===== MATERIAL SHOWN =====

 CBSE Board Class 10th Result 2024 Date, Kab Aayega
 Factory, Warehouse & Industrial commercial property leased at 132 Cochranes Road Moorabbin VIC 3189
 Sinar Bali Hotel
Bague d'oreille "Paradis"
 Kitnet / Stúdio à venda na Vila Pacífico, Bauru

=====
===== MATERIAL SHOWN =====

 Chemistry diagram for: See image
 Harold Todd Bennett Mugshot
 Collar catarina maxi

=====
===== MATERIAL SHOWN =====

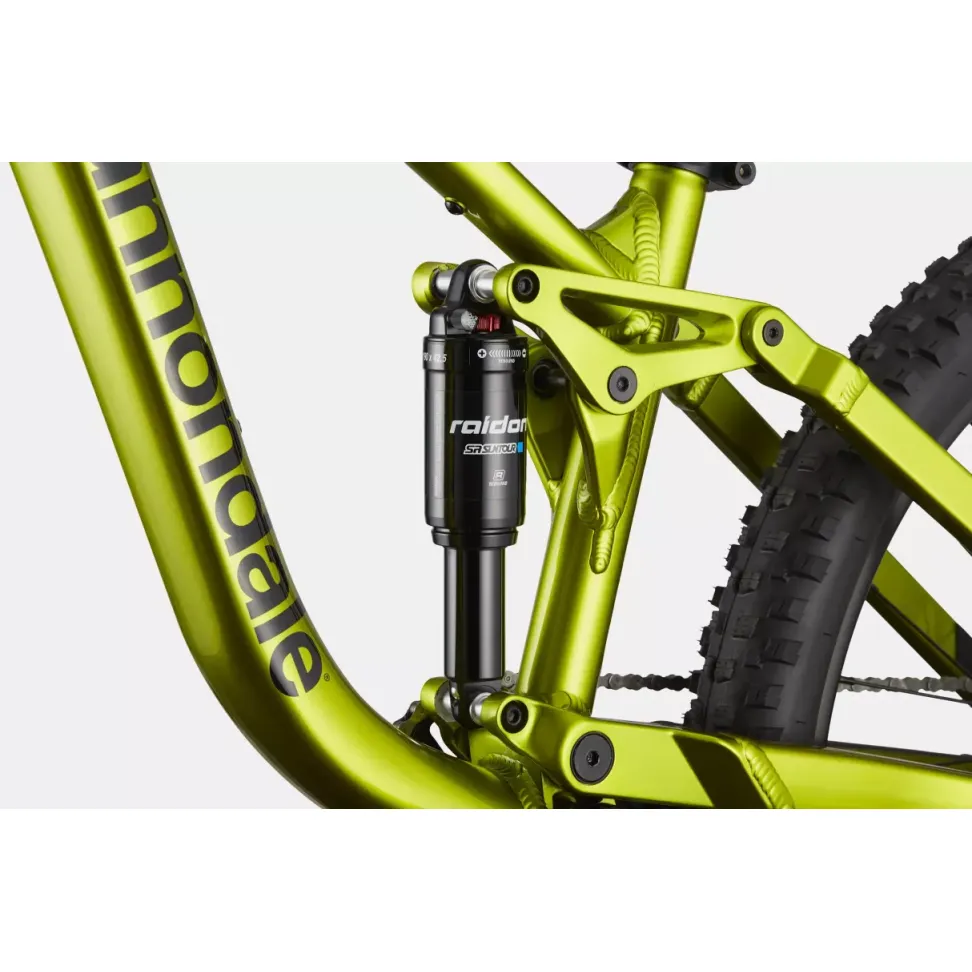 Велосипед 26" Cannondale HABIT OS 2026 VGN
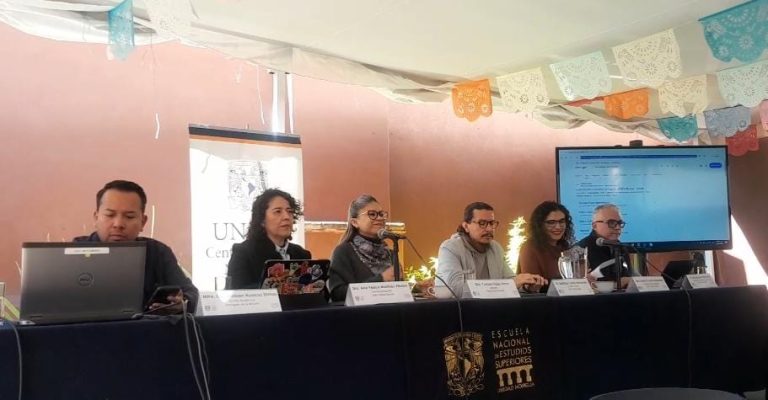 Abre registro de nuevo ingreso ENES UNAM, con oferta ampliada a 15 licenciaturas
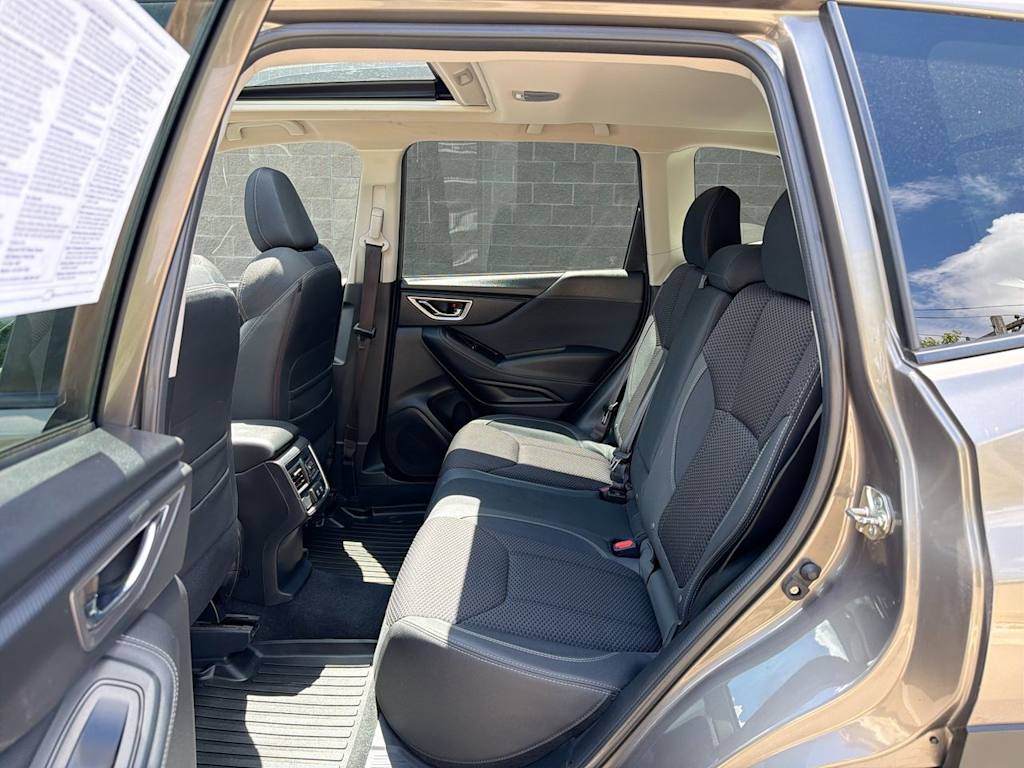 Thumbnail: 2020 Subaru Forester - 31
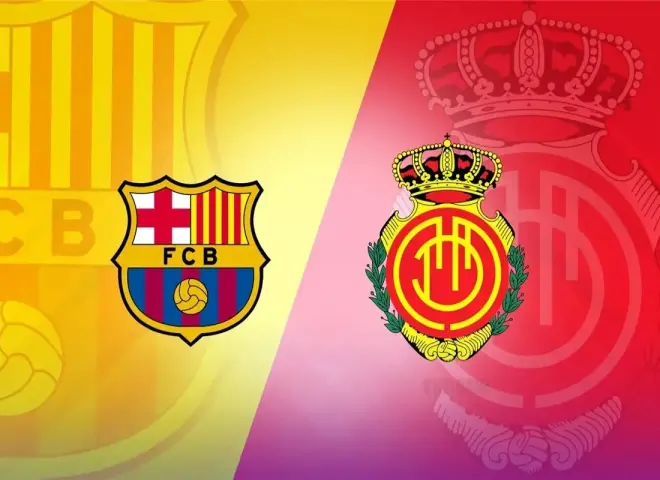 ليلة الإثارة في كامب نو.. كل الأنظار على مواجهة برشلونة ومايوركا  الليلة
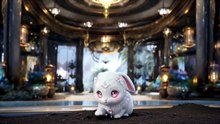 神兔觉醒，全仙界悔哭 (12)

=====

ASSIGNMENT: Write out exactly the lines that fall from the line with "CBSE Board Class" to the line with "Kitnet / Stúdio" in the records above, keeping both ends.

EXERCISE RESPONSE:
 CBSE Board Class 10th Result 2024 Date, Kab Aayega
 Factory, Warehouse & Industrial commercial property leased at 132 Cochranes Road Moorabbin VIC 3189
 Sinar Bali Hotel
Bague d'oreille "Paradis"
 Kitnet / Stúdio à venda na Vila Pacífico, Bauru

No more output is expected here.